La fusion Suez-Gaz de France occupera les esprits des politiques et des patrons pendant tout l'été. En reportant à septembre le calendrier de la discussion parlementaire sur la loi censée autoriser la privatisation de Gaz de France, Dominique de Villepin a gagné du temps, mais aussi prit le risque d'un enterrement de première classe. Certes, Thierry Breton, en première ligne sur le dossier, l'a pris à bras-le-corps. Mais la partie est loin d'être gagnée. On faisait savoir, du côté du gouvernement, que la CFDT était acquise à la cause de cette privatisation, et voilà François Chérèque qui, dans nos colonnes, lance un pavé dans la mare en s'y déclarant fermement opposé. On fait savoir aussi que l'Élysée et Matignon sont sur la même longueur d'onde, sauf qu'on sait combien sont fragiles ces bons ordonnancements une fois que la voix du terrain local se fait entendre. Et la petite musique qu'on fredonne dans les régions ne renvoie pas un écho très favorable. On fait enfin savoir que Nicolas Sarkozy, longtemps réticent, se serait rallié à l'idée de cette privatisation, le vote devenant alors pour l'UMP une simple formalité. Rien n'est moins sûr, pour les mêmes raisons que celles invoquées plus haut. Le fond du sujet se décline de la façon suivante.
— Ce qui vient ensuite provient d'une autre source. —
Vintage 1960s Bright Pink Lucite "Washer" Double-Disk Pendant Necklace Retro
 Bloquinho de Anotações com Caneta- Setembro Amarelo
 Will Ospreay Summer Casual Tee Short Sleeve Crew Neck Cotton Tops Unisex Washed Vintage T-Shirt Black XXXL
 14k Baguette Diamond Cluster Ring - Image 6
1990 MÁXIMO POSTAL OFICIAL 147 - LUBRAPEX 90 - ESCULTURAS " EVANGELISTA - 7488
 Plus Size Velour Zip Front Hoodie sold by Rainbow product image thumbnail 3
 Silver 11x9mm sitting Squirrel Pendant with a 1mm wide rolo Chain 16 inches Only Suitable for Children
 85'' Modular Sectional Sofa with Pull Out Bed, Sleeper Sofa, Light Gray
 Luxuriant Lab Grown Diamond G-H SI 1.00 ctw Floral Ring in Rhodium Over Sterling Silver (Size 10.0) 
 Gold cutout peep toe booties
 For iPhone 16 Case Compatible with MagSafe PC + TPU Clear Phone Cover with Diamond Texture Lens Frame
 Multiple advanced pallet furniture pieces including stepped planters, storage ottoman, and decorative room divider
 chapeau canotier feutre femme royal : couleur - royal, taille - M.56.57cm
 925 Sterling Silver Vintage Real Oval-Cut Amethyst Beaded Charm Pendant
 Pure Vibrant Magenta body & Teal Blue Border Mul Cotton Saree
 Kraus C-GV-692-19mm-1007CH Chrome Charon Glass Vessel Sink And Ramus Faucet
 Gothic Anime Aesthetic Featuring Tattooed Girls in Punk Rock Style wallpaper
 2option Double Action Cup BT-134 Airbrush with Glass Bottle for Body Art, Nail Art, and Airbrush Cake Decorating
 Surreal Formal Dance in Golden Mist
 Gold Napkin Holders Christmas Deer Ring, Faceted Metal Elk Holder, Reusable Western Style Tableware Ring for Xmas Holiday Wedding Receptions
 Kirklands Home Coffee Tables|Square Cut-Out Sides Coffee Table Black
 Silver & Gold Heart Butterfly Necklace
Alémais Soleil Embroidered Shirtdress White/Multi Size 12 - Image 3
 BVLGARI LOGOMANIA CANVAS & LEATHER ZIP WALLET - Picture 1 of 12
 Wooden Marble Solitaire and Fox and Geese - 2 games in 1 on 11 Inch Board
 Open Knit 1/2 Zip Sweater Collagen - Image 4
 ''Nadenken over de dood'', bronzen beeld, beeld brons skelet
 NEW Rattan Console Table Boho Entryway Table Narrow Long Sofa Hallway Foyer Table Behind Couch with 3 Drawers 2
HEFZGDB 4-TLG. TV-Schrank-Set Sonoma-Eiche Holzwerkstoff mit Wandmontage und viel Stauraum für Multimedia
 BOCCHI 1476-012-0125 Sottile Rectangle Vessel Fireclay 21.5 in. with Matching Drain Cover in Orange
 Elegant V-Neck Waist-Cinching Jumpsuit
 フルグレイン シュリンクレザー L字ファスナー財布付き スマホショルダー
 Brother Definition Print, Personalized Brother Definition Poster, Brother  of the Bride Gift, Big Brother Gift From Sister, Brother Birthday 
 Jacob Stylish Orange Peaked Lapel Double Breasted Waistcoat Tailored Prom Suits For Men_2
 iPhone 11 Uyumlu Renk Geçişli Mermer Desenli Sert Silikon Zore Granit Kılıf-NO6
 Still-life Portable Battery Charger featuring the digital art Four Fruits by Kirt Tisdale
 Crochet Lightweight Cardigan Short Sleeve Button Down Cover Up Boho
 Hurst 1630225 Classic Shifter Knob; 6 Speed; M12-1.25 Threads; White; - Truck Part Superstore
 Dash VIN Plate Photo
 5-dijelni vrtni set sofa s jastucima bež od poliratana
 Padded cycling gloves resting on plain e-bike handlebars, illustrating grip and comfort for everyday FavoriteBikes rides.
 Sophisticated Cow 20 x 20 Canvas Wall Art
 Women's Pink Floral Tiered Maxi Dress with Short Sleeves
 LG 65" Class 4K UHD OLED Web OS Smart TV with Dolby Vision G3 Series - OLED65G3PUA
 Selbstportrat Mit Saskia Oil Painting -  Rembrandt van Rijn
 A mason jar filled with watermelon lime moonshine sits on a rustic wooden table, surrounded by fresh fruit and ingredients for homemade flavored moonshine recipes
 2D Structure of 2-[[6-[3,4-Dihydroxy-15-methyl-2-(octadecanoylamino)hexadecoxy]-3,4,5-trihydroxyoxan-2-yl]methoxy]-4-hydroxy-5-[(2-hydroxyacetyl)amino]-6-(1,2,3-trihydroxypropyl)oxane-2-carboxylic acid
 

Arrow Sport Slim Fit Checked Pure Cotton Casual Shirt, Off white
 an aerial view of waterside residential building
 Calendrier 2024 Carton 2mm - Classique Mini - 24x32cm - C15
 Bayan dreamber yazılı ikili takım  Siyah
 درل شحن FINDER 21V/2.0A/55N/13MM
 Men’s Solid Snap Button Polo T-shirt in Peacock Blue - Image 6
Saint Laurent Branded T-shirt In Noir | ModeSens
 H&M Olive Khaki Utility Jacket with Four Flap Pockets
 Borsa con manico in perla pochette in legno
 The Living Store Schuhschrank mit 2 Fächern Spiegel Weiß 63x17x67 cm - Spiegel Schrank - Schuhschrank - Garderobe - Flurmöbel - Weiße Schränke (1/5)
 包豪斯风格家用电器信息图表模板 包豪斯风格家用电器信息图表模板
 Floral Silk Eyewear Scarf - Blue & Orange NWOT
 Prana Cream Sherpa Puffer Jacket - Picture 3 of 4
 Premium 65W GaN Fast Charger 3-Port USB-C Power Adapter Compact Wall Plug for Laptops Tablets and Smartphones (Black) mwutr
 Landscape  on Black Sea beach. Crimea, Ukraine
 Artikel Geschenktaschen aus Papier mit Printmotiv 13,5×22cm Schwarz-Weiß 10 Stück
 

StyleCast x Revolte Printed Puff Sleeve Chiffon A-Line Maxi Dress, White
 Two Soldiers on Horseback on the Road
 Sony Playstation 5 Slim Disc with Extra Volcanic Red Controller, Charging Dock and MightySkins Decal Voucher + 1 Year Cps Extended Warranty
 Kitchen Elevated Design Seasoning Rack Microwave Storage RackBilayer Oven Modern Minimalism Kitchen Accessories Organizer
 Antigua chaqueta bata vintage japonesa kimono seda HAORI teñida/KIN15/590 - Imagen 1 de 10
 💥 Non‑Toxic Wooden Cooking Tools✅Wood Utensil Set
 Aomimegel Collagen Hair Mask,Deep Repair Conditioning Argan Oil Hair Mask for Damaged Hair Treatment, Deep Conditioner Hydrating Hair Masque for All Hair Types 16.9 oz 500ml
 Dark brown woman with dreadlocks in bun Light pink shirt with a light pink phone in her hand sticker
Premier point, les élus, et plus largement la classe politique, y compris ses plus éminents représentants, ont comme l'impression d'avoir été bernés dans le dossier Mittal-Arcelor. On leur avait demandé d'agiter bien fort le drapeau du patriotisme économique, ils ont été obligés de le ravaler, certains en s'étranglant, une fois que les belligérants ont trouvé un accord financier. On hésite donc, au Palais-Bourbon, et on peut le comprendre, à rejouer cette partition. Deuxième point, le sort de Suez dans les terroirs n'émeut guère : une seule chose compte, ce sont les prix du gaz et de l'électricité. Troisième point : ils sont quelques-uns à mettre en balance leur avis favorable sur ce projet avec un renforcement d'EDF, notamment dans le gaz. On ne voit donc guère ce qui permettrait, à la veille de cette session extraordinaire de septembre, en pleine rentrée politique, de donner la fusion Suez-Gaz de France comme acquise, tant la partie de billard semble complexe.